### GOAL OF THE EXERCISE
Output every entry exactly as written, skipping any pictures.

### Scraped caption text data
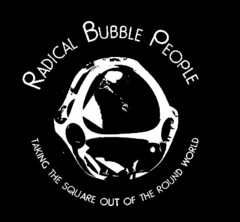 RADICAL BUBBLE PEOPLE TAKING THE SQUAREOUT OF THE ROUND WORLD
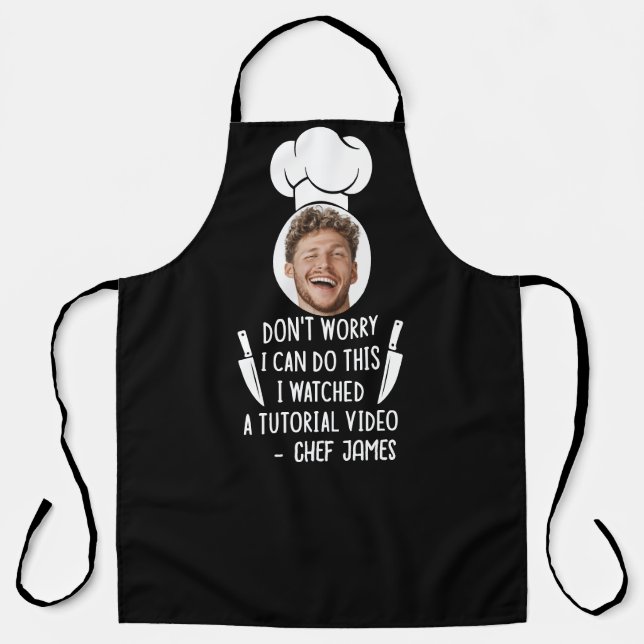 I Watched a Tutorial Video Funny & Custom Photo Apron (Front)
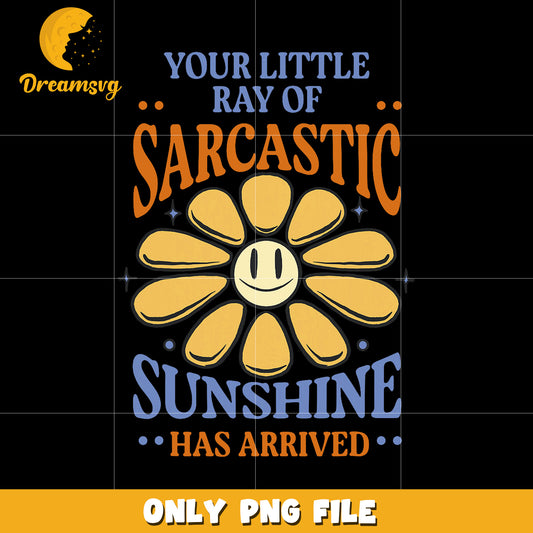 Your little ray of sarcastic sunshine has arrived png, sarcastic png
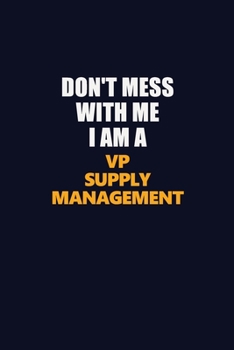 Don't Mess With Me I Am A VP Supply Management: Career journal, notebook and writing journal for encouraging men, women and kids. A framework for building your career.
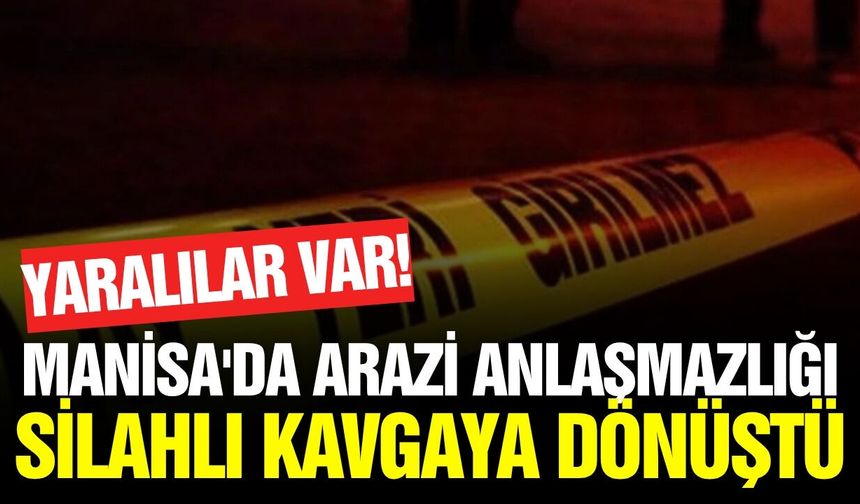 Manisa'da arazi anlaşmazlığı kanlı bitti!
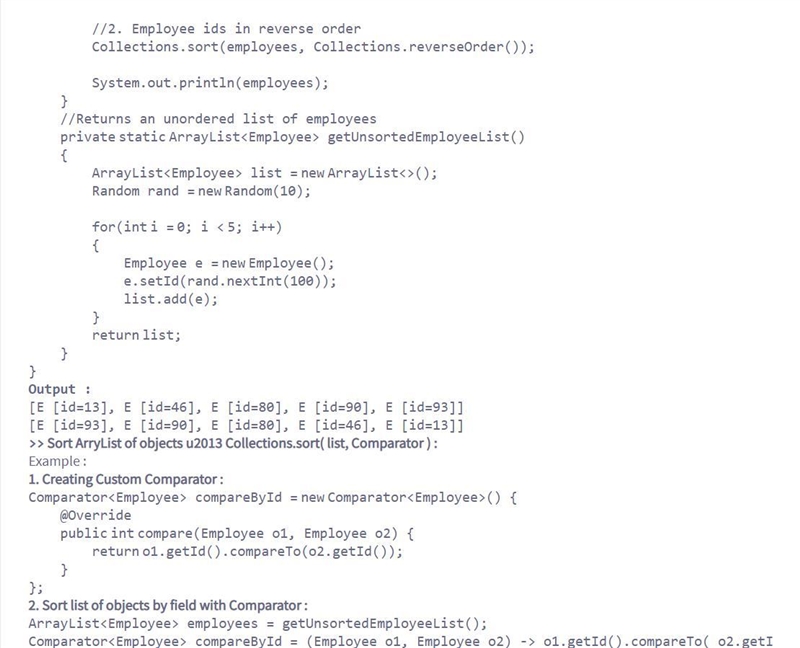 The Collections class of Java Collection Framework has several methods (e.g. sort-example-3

### SOLUTION
 RADICAL BUBBLE PEOPLE TAKING THE SQUAREOUT OF THE ROUND WORLD
 I Watched a Tutorial Video Funny & Custom Photo Apron (Front)
 Your little ray of sarcastic sunshine has arrived png, sarcastic png
 Don't Mess With Me I Am A VP Supply Management: Career journal, notebook and writing journal for encouraging men, women and kids. A framework for building your career.
 Manisa'da arazi anlaşmazlığı kanlı bitti!
 The Collections class of Java Collection Framework has several methods (e.g. sort-example-3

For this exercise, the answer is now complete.